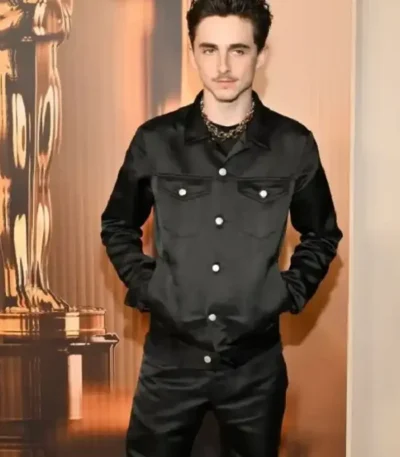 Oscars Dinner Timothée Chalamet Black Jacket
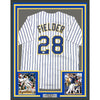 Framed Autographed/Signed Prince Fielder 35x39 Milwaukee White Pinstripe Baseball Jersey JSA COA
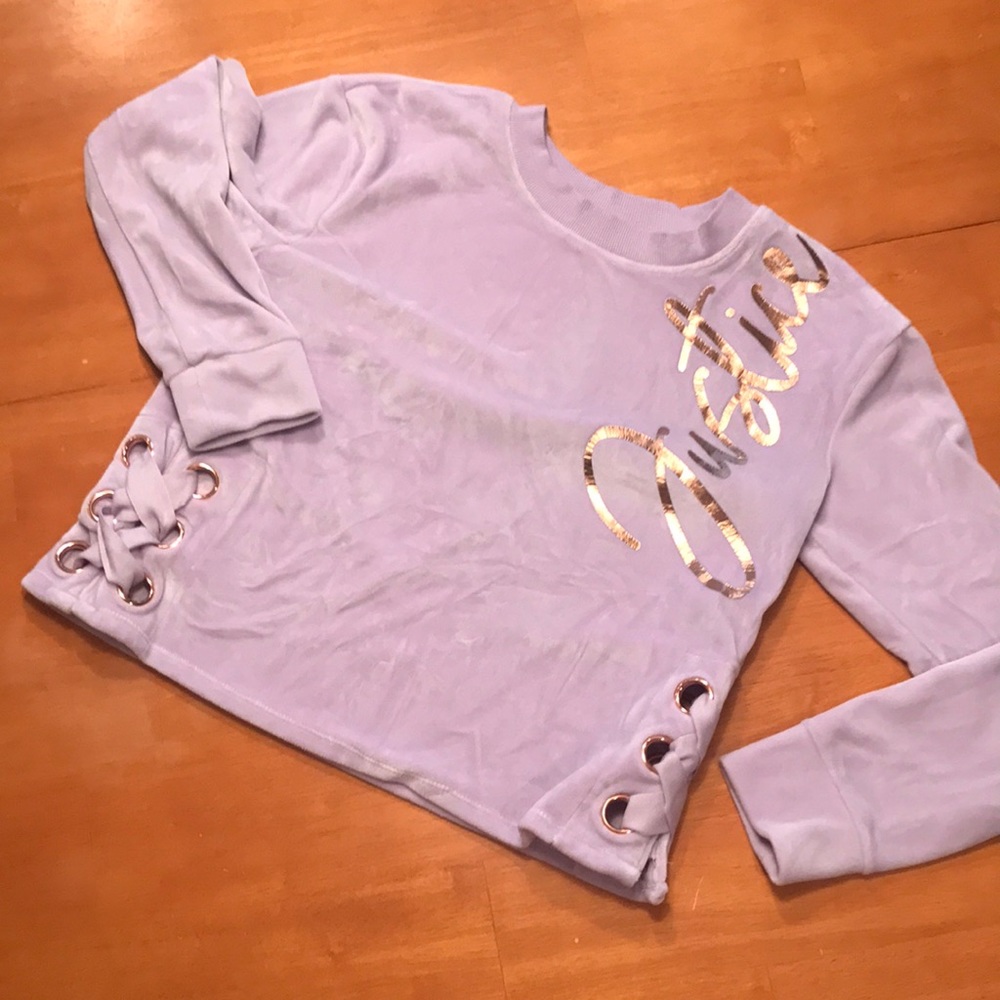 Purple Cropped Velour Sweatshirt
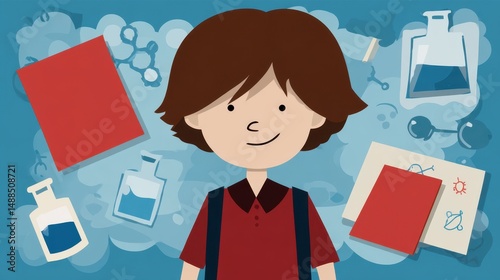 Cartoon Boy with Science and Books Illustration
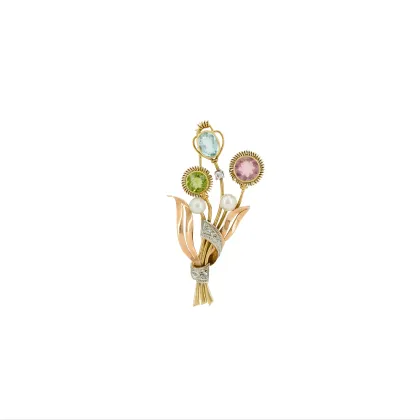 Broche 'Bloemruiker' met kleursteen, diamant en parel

INSTRUCTIONS TO FOLLOW => Copy the records exactly as they appear, excluding images.

TASK ANSWER =>
 Oscars Dinner Timothée Chalamet Black Jacket
 Framed Autographed/Signed Prince Fielder 35x39 Milwaukee White Pinstripe Baseball Jersey JSA COA
 Purple Cropped Velour Sweatshirt
 Cartoon Boy with Science and Books Illustration
 Broche 'Bloemruiker' met kleursteen, diamant en parel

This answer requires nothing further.